Weather has assisted fire fighters in the containment of the Twisp River Fire during the last few days. After a week of smothering smoke cloaking our valley, a couple of cold fronts passed through over the weekend, clearing the air with breezes and some rainfall. It’s a great relief. Yesterday brought blue skies and cool temperatures and a smoke-free atmosphere to the Methow. I hope the same thing is happening with the rest of the fire-ravaged landscape around the west.

Many homes in the Twisp River valley were saved by dedicated fire fighters. Our friends’ house is one of those. They live near the river and they asked me to come by to photograph their home and surroundings to preserve the memories of this event. Yesterday we joined them for a tour of their burned property. While much of the garden was burned, there is still food to salvage. The tomatoes, despite their scorched skin are still good on the inside! Corn cooked on the stalk tastes like corn cooked on the grill. Rhubarb is already coming back and the zucchini plant has new blossoms! This garden is a fire survivor!

Last year we were some of the fire survivors. This year, with the devastating fires in North Central Washington, there are many more fire survivors.

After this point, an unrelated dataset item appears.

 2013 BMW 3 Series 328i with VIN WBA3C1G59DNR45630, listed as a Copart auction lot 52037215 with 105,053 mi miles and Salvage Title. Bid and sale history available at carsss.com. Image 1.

If you follow the news, you have probably seen my little town’s name featured the last few days. A human-caused fire started just a few miles from Twisp and rapidly burned some houses and took the lives of three fire fighters. It’s been an enormous tragedy.

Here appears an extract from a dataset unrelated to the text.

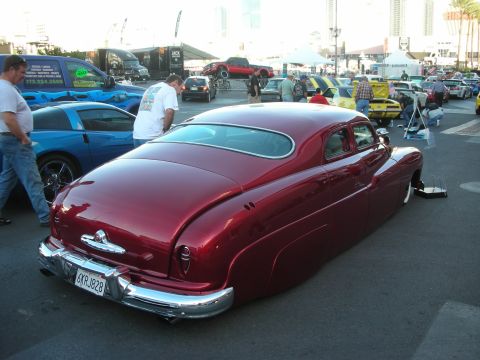 1998 Ford Crown Victoria - candy-red chopped lead-sled-style custom car sits lowered in an outdoor lot show, seen from the rear three-quarter with a California plate.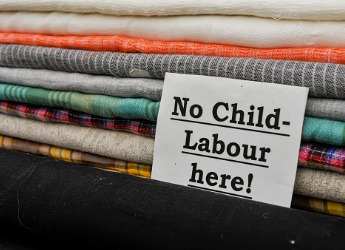 A pile of cloth with sign saying no child labour here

We evacuated for two days while the fire behavior and wind were erratic and there was a possibility it could come over the ridge to our house. Luckily for us, it did not. The fire line is about a mile and a half away, as the raven flies. We returned, even though the whole valley was on level 3 evacuation notice, to see what was going on and to make our place safer. We keep our bags packed in case we need to flee again. Friday evening we went to Patterson Lake and watched the aerial fight to slow down the fire’s approach to a forested neighborhood. The pilots flying these planes are tremendously courageous to do what they do. Who ever imagined that DC10’s would be used for fire suppression? In addition to the big jets there are at least four small planes that can fly across a lake’s surface and suck water into pontoons to be dropped on the burning fire. There have been a wide variety of helicopters and other planes in use also.

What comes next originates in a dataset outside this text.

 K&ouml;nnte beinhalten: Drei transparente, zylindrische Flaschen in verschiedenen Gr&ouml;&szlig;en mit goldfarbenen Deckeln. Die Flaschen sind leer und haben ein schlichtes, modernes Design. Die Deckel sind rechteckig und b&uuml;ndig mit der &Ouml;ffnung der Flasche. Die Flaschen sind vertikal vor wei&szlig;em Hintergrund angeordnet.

The last couple of days there has been some cooler weather, holding the smoke close to the ground smothering most of Washington and grounding the aircraft. This does help the fire fighters on the ground because it also slows down the progress of the fire. When it warms up again and they can see the landscape, hopefully they will see a fire that can be contained.

And this is just one of the smaller fires that are consuming the landscape of our region. The Okanogan fires are much larger and threatening more homes.